Background:
We aimed to compare trough infliximab levels and the development of antidrug antibody (ADA) for 1 year between Crohn’s disease (CD) and ulcerative colitis (UC) patients who were biologic-naive, and to evaluate their impact on clinical outcomes.
Methods:
This was a prospective, multicenter, observational study. Biologic-naive patients with moderate to severe CD or UC who started CT-P13, an infliximab biosimilar, therapy were enrolled. Trough drug and ADA levels were measured periodically for 1 year after CT-P13 initiation.
Results:
A total of 267 patients who received CT-P13 treatment were included (CD 168, UC 99). The rates of clinical remission (72% vs. 32.3%, P<0.001) at week 54 were significantly higher in CD than in UC. The median trough drug level (μg/mL) was significantly higher in CD than in UC up to week 14 (week 2, 18.7 vs. 14.7, P<0.001; week 6, 12.5 vs. 8.6, P<0.001; week 14, 3.4 vs. 2.5, P=0.001).
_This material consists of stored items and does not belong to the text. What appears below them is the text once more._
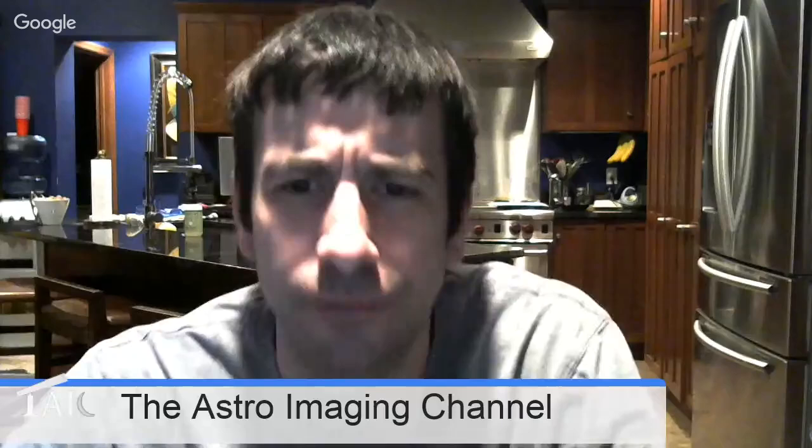Hi guys, welcome back to the Astro Imaging Channel. Tonight's session is on printing astrophotography, and not only am I going to present on that, but we also have Greg Marshall from Watcherhead Observatory. He does backlit prints, which are another material for printing on.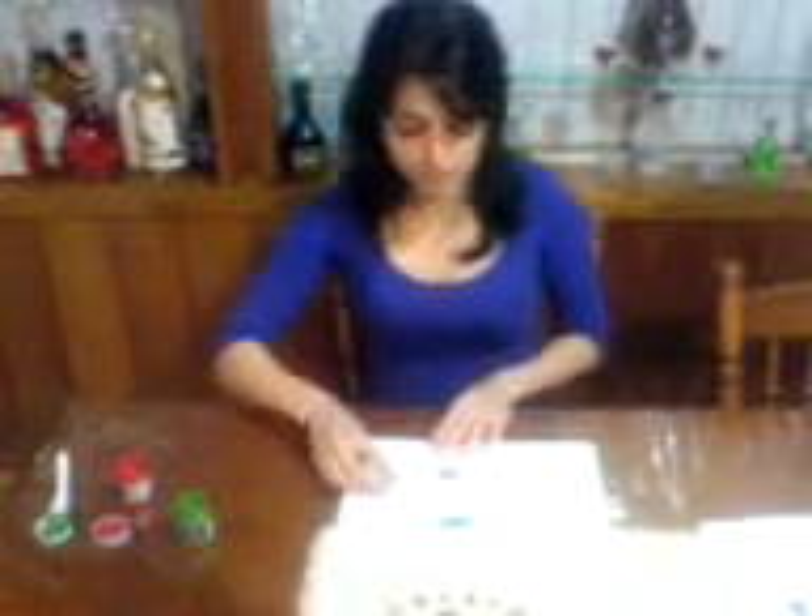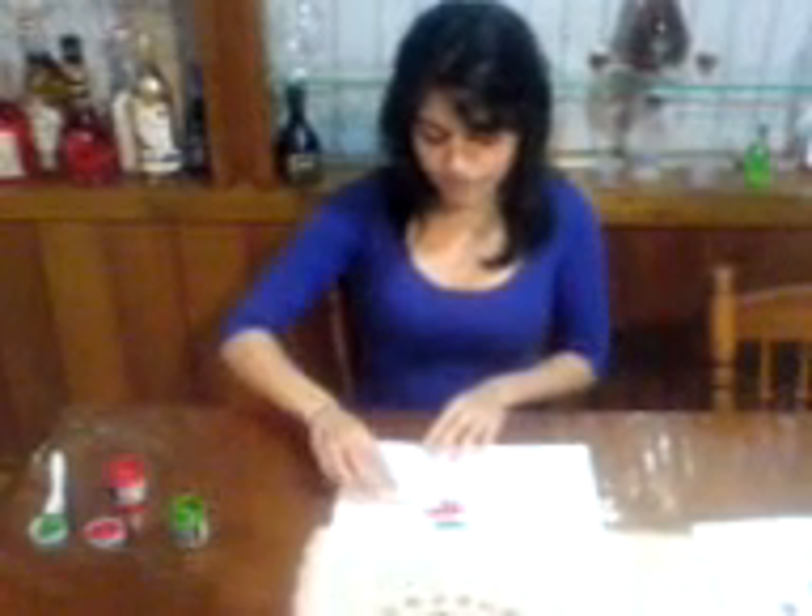Then you get another colour. Using a different spoon or knife, we're going to grab some paint and we're just going to lay it under the first colour.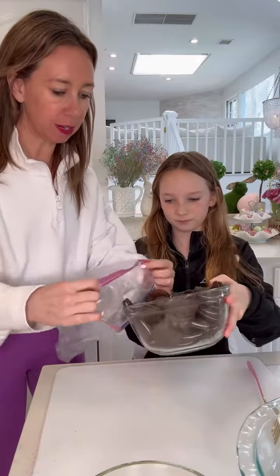Making a no-bake Oreo cheesecake pie — it's so easy to make and seriously so good. For the crust, you need a pack of Oreos that we're gonna crush up with some melted butter. Put the Oreos right in the bag.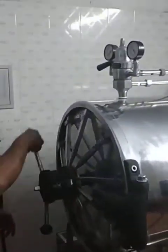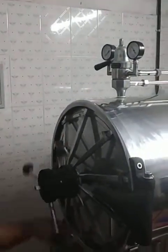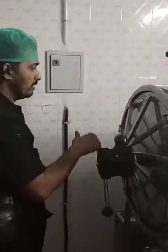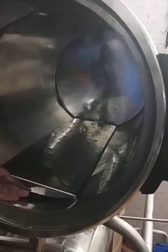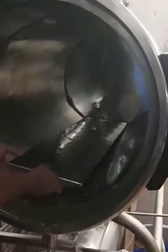This is the handle — anticlockwise is open. Now if you want to come inside and see: these provisions are for the steam over here. There are at least three different holes over there so that we have the facility to circulate the steam, with holes on the plate as well.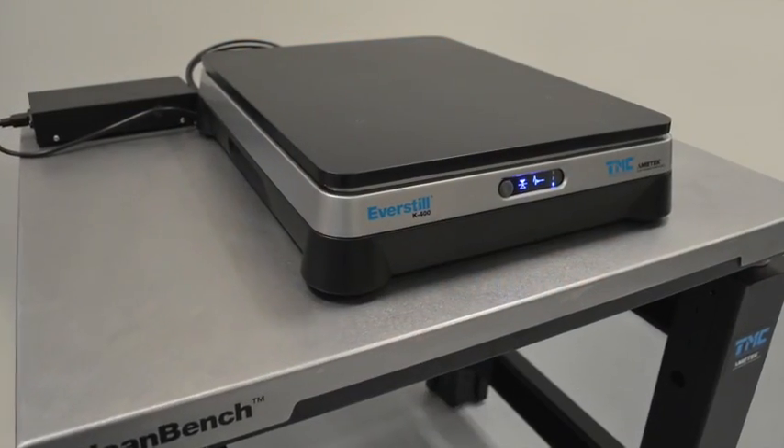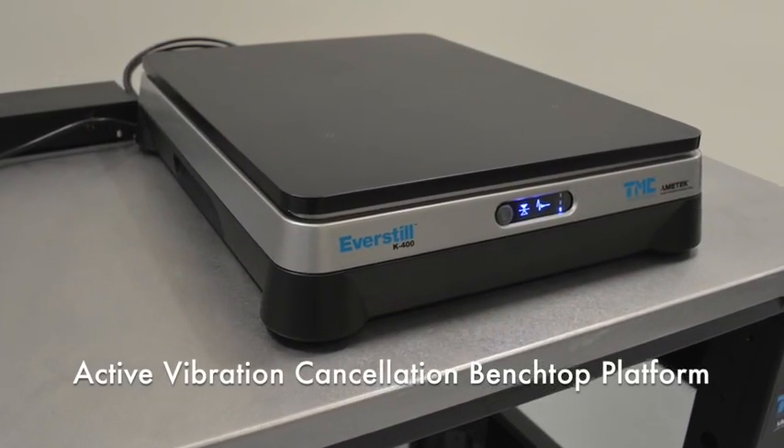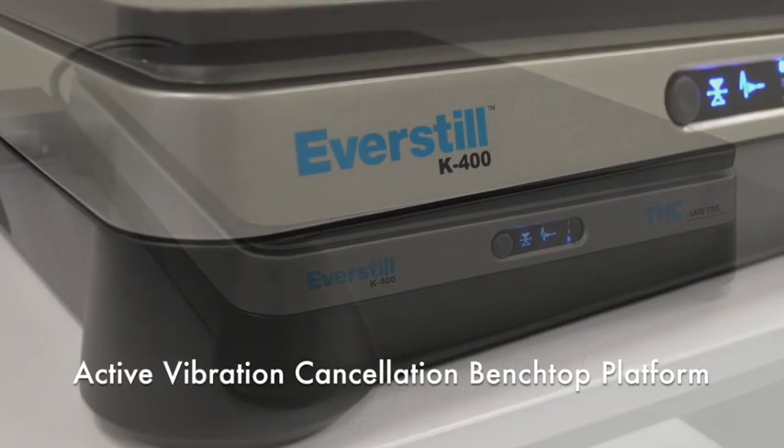Everstill is a new technology developed by TMC — the next generation in active inertial vibration cancellation.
The median ADA level (AU/mL) was significantly lower in CD than in UC at week 2 (6.3 vs. 6.5, P=0.046), week 30 (7.9 vs. 11.8, P=0.007), and week 54 (9.3 vs. 12.3, P=0.032). Development of ADA at week 2 [adjusted odds ratio (aOR)=0.15, P=0.026], initial C-reactive protein level (aOR=0.87, P=0.032), and CD over UC (aOR=1.92, P<0.001) were independent predictors of clinical remission at week 54.
Conclusion:
Infliximab shows more favorable pharmacokinetics, including high drug trough and low ADA levels, in CD than in UC, which might result in better clinical outcomes for 1-year infliximab treatment in CD patients.